Your objective: Transcribe the records exactly from the line with "Here are two" to the end, both included.

Input records:
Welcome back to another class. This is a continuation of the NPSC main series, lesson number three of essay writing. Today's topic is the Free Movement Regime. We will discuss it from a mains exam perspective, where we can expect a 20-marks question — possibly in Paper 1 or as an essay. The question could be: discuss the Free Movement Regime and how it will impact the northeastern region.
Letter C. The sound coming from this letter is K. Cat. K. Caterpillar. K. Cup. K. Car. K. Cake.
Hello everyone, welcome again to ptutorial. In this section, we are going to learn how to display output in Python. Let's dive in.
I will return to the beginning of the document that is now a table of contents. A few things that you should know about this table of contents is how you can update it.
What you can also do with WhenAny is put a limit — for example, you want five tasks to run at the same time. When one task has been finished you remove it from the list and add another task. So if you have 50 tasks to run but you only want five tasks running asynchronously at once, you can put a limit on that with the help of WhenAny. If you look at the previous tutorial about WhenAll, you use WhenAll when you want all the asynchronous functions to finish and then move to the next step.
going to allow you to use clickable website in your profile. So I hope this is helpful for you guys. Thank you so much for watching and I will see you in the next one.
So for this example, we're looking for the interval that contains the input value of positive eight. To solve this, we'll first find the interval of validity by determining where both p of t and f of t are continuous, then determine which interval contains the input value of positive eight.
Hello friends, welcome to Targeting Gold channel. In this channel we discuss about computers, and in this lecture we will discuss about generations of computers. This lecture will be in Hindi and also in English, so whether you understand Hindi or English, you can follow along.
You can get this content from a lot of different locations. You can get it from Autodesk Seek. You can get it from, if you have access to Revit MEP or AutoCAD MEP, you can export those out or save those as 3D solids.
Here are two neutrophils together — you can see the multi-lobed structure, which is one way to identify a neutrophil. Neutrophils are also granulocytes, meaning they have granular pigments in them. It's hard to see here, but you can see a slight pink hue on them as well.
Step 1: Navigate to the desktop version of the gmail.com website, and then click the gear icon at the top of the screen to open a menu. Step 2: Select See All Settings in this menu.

Final answer:
Here are two neutrophils together — you can see the multi-lobed structure, which is one way to identify a neutrophil. Neutrophils are also granulocytes, meaning they have granular pigments in them. It's hard to see here, but you can see a slight pink hue on them as well.
Step 1: Navigate to the desktop version of the gmail.com website, and then click the gear icon at the top of the screen to open a menu. Step 2: Select See All Settings in this menu.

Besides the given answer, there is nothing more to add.